Lucy Randall Comfort (Lucy A. Randall)

Lucy Randall Comfort photo

Born February 23, 1836, in Norwich, New York, Lucy Ann Randall was the daughter of Samuel Sidwell Randall (1809-1881) and Sarah Bassett Hubbell, and the second of five children (that included one set of twins). Her father, an educator, served as from about 1848 to 1870 as superintendent of schools in Chenango County, and later in Brooklyn and New York City. He also held the editorship of District School Journal for much of the period between 1845 and 1852 and in that position may have encouraged Lucy's penchant for writing. Her earliest identified work, a poem titled "The Consumptive," appeared in the August 1849 issue of District School Journal, and several of her stories and poems were published in the 1850 volume.

Within the next few years, Lucy Randall's poems and stories were appearing in several publications including Moore's Rural New-Yorker, Knickerbocker, and The Olive Branch. She also began contributing short pieces to Street & Smith's New York Weekly. In 1860, Street & Smith purchased her serial "Amy Rayner; or, The Tangled Path" and ran advertisements in newspapers across the country to promote it; they not only touted her connection with her father (and his official position as Superintendent of Public Schools) but outed two of her pseudonyms, "Helen Forest [or Forrest] Graves," which she had used for Weekly sketches, and "Mrs. George Washington Willis," for an unidentified "contemporary journal." In addition to her work for the Weekly, during the 1860s, she also wrote for another highly successful story paper, Robert Bonner's New York Ledger and for Frank Leslie's Illustrated Weekly.
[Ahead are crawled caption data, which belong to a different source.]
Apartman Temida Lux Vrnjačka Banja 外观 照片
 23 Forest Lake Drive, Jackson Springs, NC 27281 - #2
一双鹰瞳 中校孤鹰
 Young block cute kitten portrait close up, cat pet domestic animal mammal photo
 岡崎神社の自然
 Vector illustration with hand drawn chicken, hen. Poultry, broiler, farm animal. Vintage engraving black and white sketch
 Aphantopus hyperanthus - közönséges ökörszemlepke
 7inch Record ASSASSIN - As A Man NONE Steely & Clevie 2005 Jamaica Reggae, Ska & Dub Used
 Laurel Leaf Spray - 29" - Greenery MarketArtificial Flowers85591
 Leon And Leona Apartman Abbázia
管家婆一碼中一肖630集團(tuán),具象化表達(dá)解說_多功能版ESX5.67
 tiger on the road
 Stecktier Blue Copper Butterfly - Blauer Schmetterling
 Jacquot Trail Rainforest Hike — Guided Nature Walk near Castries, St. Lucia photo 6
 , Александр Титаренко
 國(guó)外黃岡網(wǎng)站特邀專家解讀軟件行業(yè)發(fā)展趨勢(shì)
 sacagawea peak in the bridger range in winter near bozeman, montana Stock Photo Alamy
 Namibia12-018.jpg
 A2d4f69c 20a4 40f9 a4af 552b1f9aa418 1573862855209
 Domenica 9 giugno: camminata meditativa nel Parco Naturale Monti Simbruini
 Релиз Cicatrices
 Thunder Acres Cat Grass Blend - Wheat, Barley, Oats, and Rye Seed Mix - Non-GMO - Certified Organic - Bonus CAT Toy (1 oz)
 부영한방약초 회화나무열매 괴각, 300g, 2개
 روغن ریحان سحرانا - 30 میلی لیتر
On 23 May 1867, she married John Elijah Comfort (1837-1901), a doctor and health officer, but continued writing -- all that changed was the name on the stories, now Lucy Randall Comfort, and, briefly, the audience. In 1868, she published her only children's book, Folks and Fairies: Stories for Little Children, before returning to serials. John E. Comfort photo

The 1870 census showed Lucy and her husband living with her parents, though the arrangement was clearly not due to financial necessity, nor did Lucy need to write for additional i ncome: her father's real estate was valued at 35,000 and his personal estate at 10,000; her husband's, at 16,000 and 5,000, respectively. Lucy also showed a personal estate worth $7,000.

She was now submitting material to yet another story paper, George Munro's Fireside Companion. During the early 1870s, her serials were almost a regular feature in the paper: "Ida Chaloner's Heart; or, The Husband's Trial" ran from 16 November 1869 through 28 March 1870; "Flora Fairfax; or, The Curse of the Crimson Cross" picked up the following week (4 April - 25 July 1870) and concluded the same week "The Newport Bride: A Story of the Summer Season" began (25 July - 7 Nov. 1870). After a four-month break, Comfort resumed with "Barbara's Life; or, The Heir of Remington" (6 March - 5 June 1871) followed immediately by "Love at Long Branch; or, Inez Merivale's Fortune" (12 June - 18 September 1871).

In the midst of this writing, the Comforts' son Randall was born 27 April 1871. He attended Columbia Grammar School and Columbia College, graduating from the latter in 1892, after which he toured Europe, then attended New York Law School. A second son, Frank, was born about 1878 but died prior to 1900. The 1880 census showed Lucy, John, Randall, and Frank together with three servants, living next-door to her parents and two of her siblings. Her brother Sidwell was an attorney; her father had retired. Lucy's occupation was shown as "keeping house."

Twenty years later, the 1900 census indicated the couple were still enjoying prosperity: they now shared their home with their son Randall and with Lucy's sister Martha (erroneously labeled a step-daughter by the census taker), as well as two servants and a coachman. John was a doctor; Randall, a lawyer; and the space for Lucy's occupation was left blank. By then, she was contributing to few, if any, periodicals -- though her serials were being reprinted as paperback novels by Street & Smith and F. M. Lupton. [1]

John Comfort died on May 29, 1901. Lucy continued to share her home with her son and her sister; the three of them, along with one servant, are recorded there in the 1910 census.

On 11 December 1914, Lucy Ann Randall Comfort died at her home in Pleasantville, New York. Her New York Times obituary noted that she "had lived in [that house] since the beginning of the civil war."


Notes

1. See the Lucy Randall Comfort entry at Villanova's Edward T. LeBlanc Memorial Dime Novel Bibliography for a list of some of Randall's story paper fiction and novels derived from story paper serials.